- PROVIDED INFORMATION:
##########

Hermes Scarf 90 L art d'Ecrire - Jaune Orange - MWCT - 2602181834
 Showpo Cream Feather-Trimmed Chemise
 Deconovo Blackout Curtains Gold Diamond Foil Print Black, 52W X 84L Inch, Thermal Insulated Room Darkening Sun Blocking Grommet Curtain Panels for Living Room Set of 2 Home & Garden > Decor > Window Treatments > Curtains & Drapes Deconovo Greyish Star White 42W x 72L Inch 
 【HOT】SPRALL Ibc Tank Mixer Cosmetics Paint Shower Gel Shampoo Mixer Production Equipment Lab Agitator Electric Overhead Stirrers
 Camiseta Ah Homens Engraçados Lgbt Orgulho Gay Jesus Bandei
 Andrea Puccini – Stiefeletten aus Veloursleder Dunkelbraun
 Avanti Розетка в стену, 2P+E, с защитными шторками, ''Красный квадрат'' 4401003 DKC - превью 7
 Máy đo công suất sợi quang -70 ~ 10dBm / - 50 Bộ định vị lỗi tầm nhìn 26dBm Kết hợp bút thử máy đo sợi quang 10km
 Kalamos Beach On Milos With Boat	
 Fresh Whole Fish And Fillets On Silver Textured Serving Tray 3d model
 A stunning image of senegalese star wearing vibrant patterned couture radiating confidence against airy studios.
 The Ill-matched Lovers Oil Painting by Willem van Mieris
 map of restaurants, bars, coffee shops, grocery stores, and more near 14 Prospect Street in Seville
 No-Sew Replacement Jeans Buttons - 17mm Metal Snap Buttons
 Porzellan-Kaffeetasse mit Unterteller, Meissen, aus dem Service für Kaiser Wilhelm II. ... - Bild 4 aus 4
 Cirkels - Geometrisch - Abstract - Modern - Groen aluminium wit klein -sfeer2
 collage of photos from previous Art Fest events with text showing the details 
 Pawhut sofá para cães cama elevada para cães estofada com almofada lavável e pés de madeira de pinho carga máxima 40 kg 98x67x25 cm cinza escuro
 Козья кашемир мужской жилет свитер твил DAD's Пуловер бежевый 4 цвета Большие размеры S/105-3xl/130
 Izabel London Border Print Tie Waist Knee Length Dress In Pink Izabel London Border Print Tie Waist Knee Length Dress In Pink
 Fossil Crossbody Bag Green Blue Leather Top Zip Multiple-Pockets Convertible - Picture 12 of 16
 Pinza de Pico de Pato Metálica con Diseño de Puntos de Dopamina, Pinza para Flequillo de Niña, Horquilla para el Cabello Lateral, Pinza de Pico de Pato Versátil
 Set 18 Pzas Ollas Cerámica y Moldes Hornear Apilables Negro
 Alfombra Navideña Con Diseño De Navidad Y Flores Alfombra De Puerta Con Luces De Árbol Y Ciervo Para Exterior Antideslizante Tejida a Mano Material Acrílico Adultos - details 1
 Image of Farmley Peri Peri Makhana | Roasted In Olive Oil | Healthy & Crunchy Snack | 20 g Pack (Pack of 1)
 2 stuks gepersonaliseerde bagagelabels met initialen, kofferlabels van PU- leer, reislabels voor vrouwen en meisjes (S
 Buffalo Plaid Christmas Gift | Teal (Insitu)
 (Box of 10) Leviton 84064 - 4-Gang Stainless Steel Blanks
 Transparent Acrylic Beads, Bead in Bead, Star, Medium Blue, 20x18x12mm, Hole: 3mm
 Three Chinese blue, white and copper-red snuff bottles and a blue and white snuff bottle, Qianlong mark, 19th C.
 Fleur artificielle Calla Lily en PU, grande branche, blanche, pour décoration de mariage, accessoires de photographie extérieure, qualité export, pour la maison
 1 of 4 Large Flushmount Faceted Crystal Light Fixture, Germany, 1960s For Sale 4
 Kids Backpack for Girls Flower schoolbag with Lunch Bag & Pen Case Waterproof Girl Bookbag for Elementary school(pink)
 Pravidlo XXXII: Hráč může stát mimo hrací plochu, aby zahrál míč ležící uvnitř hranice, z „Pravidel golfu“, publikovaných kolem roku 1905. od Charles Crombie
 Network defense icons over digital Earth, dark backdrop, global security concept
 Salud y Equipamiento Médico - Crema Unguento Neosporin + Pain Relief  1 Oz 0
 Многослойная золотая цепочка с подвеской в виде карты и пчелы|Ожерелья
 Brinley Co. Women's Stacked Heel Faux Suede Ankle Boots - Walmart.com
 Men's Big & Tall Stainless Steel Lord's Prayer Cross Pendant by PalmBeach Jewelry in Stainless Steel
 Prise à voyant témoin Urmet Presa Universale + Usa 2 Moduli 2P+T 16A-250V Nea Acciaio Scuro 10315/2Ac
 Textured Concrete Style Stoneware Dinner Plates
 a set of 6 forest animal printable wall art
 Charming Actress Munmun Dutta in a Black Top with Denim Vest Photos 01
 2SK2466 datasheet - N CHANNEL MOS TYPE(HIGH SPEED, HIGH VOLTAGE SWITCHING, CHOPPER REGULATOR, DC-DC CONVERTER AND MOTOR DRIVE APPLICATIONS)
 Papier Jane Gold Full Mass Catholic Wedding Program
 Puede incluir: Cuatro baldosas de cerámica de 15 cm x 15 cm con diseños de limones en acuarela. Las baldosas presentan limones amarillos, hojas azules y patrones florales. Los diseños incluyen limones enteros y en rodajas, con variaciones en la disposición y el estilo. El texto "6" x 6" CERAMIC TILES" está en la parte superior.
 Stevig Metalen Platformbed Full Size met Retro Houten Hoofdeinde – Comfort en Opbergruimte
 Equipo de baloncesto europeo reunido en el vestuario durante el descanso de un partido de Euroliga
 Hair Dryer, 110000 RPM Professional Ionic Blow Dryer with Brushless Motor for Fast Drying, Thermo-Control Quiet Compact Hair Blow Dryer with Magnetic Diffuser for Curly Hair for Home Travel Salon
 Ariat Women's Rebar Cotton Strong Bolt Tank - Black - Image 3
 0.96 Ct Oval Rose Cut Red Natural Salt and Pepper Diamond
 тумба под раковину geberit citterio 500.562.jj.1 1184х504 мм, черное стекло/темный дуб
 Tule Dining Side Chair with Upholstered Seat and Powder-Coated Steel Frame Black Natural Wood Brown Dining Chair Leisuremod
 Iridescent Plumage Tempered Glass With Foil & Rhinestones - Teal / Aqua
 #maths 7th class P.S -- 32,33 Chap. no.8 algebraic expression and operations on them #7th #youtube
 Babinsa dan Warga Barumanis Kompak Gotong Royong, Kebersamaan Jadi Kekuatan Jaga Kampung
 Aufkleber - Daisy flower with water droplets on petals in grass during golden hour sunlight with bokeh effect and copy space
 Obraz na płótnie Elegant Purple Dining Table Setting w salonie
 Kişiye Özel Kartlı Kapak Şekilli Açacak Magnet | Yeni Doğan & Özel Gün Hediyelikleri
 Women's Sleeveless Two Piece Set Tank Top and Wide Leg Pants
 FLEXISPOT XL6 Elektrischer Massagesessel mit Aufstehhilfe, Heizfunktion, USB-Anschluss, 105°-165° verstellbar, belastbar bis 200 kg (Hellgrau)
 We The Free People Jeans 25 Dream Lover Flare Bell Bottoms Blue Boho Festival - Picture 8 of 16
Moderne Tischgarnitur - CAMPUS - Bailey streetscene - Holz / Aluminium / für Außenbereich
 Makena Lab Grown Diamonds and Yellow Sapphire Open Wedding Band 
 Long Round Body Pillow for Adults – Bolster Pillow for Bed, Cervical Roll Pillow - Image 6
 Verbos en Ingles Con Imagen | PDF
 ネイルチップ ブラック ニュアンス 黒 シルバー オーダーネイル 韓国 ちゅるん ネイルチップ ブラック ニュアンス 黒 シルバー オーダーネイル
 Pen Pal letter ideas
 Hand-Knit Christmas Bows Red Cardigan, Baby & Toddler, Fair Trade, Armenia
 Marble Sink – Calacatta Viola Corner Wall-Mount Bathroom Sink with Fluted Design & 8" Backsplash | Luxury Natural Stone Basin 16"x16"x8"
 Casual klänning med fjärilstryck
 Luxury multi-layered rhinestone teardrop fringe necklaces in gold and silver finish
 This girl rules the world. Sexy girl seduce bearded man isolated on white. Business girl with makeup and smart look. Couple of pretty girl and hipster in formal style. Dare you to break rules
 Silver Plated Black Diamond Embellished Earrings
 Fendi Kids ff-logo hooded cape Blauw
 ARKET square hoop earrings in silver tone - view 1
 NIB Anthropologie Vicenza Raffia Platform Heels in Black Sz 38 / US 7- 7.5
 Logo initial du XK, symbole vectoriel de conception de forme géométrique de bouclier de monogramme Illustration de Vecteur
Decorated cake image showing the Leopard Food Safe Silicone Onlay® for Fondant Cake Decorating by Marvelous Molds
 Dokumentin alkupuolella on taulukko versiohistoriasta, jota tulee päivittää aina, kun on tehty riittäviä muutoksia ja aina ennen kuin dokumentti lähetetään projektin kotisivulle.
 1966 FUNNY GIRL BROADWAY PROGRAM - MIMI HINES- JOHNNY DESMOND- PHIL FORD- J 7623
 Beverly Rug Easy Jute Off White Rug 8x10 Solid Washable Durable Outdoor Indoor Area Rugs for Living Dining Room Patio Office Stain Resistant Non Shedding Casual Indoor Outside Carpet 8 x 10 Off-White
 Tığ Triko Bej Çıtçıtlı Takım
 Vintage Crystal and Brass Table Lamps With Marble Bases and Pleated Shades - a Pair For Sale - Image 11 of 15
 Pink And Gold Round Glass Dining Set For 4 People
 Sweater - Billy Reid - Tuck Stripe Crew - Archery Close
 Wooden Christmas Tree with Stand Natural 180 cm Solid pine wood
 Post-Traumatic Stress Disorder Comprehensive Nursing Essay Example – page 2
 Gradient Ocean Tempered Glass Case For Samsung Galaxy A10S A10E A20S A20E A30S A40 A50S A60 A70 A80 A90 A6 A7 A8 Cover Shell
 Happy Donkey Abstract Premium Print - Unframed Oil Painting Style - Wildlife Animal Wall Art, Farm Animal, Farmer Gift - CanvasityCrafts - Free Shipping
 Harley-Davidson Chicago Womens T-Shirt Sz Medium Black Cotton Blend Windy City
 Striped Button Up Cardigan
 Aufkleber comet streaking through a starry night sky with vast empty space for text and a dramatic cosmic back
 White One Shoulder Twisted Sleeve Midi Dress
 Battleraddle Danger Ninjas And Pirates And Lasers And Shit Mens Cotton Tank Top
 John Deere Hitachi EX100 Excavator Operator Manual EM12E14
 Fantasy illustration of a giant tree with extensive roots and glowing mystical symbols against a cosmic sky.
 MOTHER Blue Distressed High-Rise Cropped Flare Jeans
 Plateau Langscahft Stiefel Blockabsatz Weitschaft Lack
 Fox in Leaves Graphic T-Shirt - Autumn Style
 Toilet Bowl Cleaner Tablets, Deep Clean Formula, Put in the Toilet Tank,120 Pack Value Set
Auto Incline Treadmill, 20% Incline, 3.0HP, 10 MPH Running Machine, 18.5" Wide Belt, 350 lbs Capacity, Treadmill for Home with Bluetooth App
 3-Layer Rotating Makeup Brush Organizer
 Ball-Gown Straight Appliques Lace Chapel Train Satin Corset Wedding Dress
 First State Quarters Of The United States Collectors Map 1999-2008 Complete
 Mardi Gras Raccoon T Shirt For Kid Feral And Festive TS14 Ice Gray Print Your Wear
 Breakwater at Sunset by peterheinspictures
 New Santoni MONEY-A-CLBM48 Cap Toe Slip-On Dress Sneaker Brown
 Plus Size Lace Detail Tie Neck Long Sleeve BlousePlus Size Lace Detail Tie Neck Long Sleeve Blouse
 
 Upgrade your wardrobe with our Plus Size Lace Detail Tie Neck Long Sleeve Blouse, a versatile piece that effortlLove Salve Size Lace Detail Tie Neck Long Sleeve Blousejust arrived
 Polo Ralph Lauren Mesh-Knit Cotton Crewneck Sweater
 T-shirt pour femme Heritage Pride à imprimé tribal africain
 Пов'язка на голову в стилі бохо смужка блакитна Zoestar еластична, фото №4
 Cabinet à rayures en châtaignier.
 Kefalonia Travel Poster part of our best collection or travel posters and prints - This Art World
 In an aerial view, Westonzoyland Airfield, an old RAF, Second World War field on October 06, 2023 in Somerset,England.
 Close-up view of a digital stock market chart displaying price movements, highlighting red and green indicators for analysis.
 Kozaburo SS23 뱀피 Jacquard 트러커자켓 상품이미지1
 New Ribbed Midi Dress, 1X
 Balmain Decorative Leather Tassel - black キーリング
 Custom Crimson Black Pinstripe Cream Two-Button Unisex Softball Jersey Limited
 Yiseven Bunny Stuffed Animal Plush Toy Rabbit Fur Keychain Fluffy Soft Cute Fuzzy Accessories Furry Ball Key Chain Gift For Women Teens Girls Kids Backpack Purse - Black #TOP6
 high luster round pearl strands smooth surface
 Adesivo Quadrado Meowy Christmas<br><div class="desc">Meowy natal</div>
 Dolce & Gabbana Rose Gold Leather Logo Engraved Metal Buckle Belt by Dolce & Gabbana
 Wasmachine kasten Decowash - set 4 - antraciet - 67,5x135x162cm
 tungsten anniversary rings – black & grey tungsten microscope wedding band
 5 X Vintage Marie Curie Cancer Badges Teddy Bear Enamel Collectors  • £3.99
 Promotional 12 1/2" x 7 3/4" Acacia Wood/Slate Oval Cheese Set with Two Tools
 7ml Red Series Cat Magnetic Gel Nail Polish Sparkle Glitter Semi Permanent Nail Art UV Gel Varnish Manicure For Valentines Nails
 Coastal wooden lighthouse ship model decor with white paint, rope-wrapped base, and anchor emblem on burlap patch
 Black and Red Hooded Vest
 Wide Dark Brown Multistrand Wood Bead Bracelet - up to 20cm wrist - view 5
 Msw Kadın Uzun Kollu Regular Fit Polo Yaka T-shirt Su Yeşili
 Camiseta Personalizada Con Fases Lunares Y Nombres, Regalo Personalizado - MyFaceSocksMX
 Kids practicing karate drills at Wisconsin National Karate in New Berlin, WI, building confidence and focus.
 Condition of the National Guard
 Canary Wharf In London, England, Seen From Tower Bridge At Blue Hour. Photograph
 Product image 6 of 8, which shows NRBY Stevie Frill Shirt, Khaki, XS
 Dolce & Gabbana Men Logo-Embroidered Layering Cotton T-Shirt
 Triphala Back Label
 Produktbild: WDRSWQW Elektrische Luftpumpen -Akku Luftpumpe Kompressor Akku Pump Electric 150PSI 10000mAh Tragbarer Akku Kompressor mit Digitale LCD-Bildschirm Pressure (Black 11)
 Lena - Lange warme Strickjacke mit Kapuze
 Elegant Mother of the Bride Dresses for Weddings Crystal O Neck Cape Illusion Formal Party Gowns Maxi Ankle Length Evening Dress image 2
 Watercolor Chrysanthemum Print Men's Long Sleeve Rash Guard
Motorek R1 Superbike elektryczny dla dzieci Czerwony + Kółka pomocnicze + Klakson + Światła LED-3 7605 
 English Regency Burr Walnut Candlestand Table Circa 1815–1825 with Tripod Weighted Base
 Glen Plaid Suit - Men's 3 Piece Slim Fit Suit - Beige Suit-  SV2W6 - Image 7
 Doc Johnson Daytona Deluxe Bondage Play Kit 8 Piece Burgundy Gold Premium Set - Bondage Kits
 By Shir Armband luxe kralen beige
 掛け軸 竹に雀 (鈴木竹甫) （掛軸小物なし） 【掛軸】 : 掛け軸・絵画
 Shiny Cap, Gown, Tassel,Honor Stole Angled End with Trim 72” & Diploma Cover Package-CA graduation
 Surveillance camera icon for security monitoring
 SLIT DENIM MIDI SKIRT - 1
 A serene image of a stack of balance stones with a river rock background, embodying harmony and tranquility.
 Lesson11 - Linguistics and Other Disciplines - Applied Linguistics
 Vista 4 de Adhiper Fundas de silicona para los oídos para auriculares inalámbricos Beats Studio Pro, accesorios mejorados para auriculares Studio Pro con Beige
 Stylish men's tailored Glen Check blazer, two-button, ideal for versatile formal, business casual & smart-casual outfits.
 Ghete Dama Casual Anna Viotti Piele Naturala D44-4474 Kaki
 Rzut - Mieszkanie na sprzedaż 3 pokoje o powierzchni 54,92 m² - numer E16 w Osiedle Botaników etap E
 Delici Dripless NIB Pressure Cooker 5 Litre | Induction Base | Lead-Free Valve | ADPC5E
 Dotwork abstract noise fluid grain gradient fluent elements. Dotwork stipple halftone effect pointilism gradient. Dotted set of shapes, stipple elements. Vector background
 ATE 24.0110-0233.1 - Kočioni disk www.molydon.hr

##########

- TASK DIRECTIONS: Send back an exact copy of only the lines from the line with "Dolce & Gabbana Men" up to and including the line with "Lesson11 - Linguistics" in the data above.

- REPLY:
 Dolce & Gabbana Men Logo-Embroidered Layering Cotton T-Shirt
 Triphala Back Label
 Produktbild: WDRSWQW Elektrische Luftpumpen -Akku Luftpumpe Kompressor Akku Pump Electric 150PSI 10000mAh Tragbarer Akku Kompressor mit Digitale LCD-Bildschirm Pressure (Black 11)
 Lena - Lange warme Strickjacke mit Kapuze
 Elegant Mother of the Bride Dresses for Weddings Crystal O Neck Cape Illusion Formal Party Gowns Maxi Ankle Length Evening Dress image 2
 Watercolor Chrysanthemum Print Men's Long Sleeve Rash Guard
Motorek R1 Superbike elektryczny dla dzieci Czerwony + Kółka pomocnicze + Klakson + Światła LED-3 7605 
 English Regency Burr Walnut Candlestand Table Circa 1815–1825 with Tripod Weighted Base
 Glen Plaid Suit - Men's 3 Piece Slim Fit Suit - Beige Suit-  SV2W6 - Image 7
 Doc Johnson Daytona Deluxe Bondage Play Kit 8 Piece Burgundy Gold Premium Set - Bondage Kits
 By Shir Armband luxe kralen beige
 掛け軸 竹に雀 (鈴木竹甫) （掛軸小物なし） 【掛軸】 : 掛け軸・絵画
 Shiny Cap, Gown, Tassel,Honor Stole Angled End with Trim 72” & Diploma Cover Package-CA graduation
 Surveillance camera icon for security monitoring
 SLIT DENIM MIDI SKIRT - 1
 A serene image of a stack of balance stones with a river rock background, embodying harmony and tranquility.
 Lesson11 - Linguistics and Other Disciplines - Applied Linguistics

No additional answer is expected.